Why is the Velocity equal to joules per kilogram?

[grandpa2390]

Homework Statement

Calculating the rms speed of an N2 molecule. The units I end up with are J/kg and this is equivalent to Velocity. my question is why?

Homework Equations

v = J / kg
KE = .5mv^2

The Attempt at a Solution

I tried to derive it myself using the kinetic energy formula. What I end up with is that $v=\sqrt{\frac{2*J}{kg}}$

The units are right, J/kg, but it isn't a direct conversion like the solution on Chegg says. it looks like to convert, my 517 J/kg doesn't equal 517 m/s. It would seem I would have to take the square root of 1034

 

[Chestermiller]

J/ kg has units of velocity square.

 

[fresh_42]

I'm not sure that I understand what you mean.
$1J = \frac{kg\cdot m^2}{s^2}$ so Joule per kilogram is $\frac{m^2}{s^2}$ which is the unity of the squared velocity: $[v^2] = \frac{m^2}{s^2}$
The reason is, that all these units base on the metric SI system, i.e. $m\, , \,kg\, , \,s\, , \,A\,$.

 

[grandpa2390]

@Chestermiller @fresh_42

you are absolutely right. the $V_{rms} = \sqrt{\frac{3kT}{m}}$ is the square root of J/kg or v^2. But what about the 2? I guess that is already factored into the formula? What I am seeing now, based on your responses, is that velocity is equal to $v=\sqrt{2*v^2}$ it is just not working out in my mind. I am missing something.

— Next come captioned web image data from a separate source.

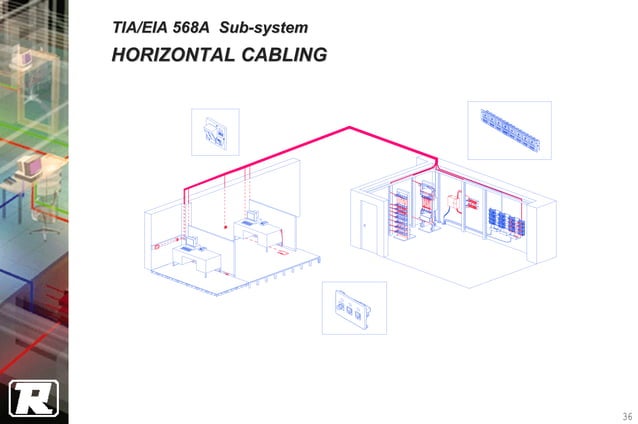 4 Structure Cabling System Design | PDF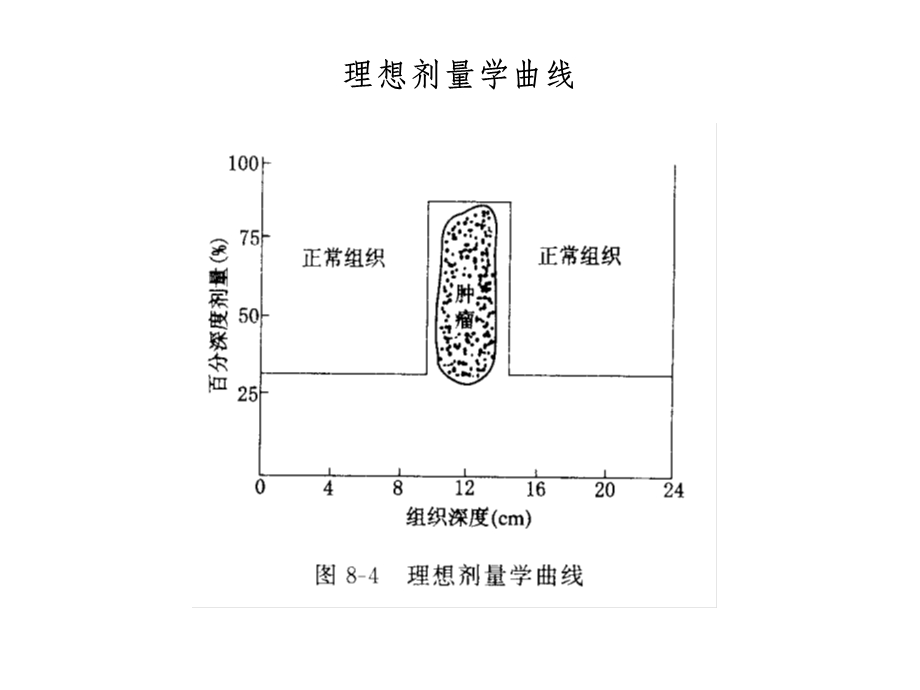 治疗计划设计的物理原理和生物学基础ppt课件.ppt_第2页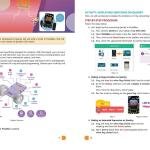 Interactive Coding, AI and Robotics Book for Class 7 | Edition 2 for Academic Year 2025-26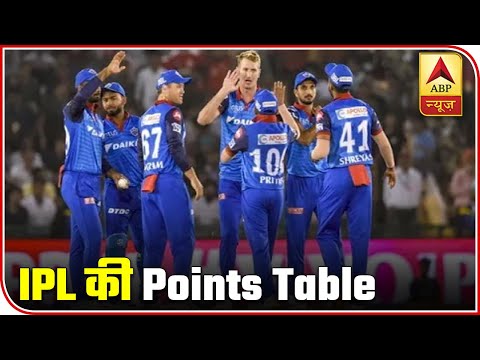 IPL 2020: Here's A Look At The Points Table | ABP News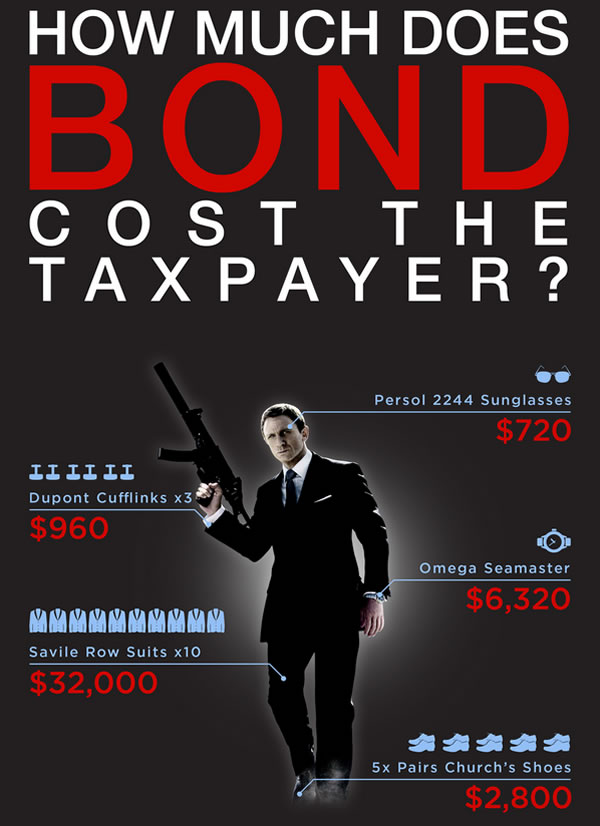 How Much Does James Bond Cost Taxpayers? - Neatorama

the kinetic energy formula is $KE={\frac{1}{2}*m*v^2}$ or in units $J=\frac{1}{2}*kg*\frac{m^2}{s^2}$
solved for $v$ $v=\sqrt{\frac{2*KE}{m}}$ the units being $\frac{m}{s} = \sqrt{\frac{2*J}{kg}}$
and you are saying that $\frac{J}{kg} = \frac{m^2}{s^2}$ or $\frac{J}{kg} = v^2$
so that would be $\frac{m}{s} = \sqrt{2*\frac{m^2}{s^2}}$ or $v = \sqrt{2*v^2}$

that 2 is throwing me off. what am I missing here?

 

[TSny]

the kinetic energy formula is $KE={\frac{1}{2}*m*v^2}$ or in units $J=\frac{1}{2}*kg*\frac{m^2}{s^2}$

The factor of $\frac{1}{2}$ in the KE expression has no dimensions. So, $\frac{1}{2}$ doesn't contribute any units.

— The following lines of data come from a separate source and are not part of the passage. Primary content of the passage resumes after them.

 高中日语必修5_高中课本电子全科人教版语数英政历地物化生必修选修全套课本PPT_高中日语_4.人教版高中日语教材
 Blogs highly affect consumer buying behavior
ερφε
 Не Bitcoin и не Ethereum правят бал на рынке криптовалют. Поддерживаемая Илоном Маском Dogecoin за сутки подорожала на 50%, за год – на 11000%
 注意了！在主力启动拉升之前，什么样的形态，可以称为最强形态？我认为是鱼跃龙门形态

Another example: The SI units for an area are m². The formula for the area of a circle is $A = \pi r^2$. When analyzing the units on the right side of $A$, you would not say that the units for the area are $\pi$m².

 

[fresh_42]

@Chestermiller @fresh_42

you are absolutely right. the $V_{rms} = \sqrt{\frac{3kT}{m}}$ is the square root of J/kg or v^2. But what about the 2? I guess that is already factored into the formula? What I am seeing now, based on your responses, is that velocity is equal to $v=\sqrt{2*v^2}$ it is just not working out in my mind. I am missing something.

the kinetic energy formula is $KE={\frac{1}{2}*m*v^2}$ or in units $J=\frac{1}{2}*kg*\frac{m^2}{s^2}$
solved for $v$ $v=\sqrt{\frac{2*KE}{m}}$ the units being $\frac{m}{s} = \sqrt{\frac{2*J}{kg}}$
and you are saying that $\frac{J}{kg} = \frac{m^2}{s^2}$ or $\frac{J}{kg} = v^2$
so that would be $\frac{m}{s} = \sqrt{2*\frac{m^2}{s^2}}$ or $v = \sqrt{2*v^2}$

that 2 is throwing me off. what am I missing here?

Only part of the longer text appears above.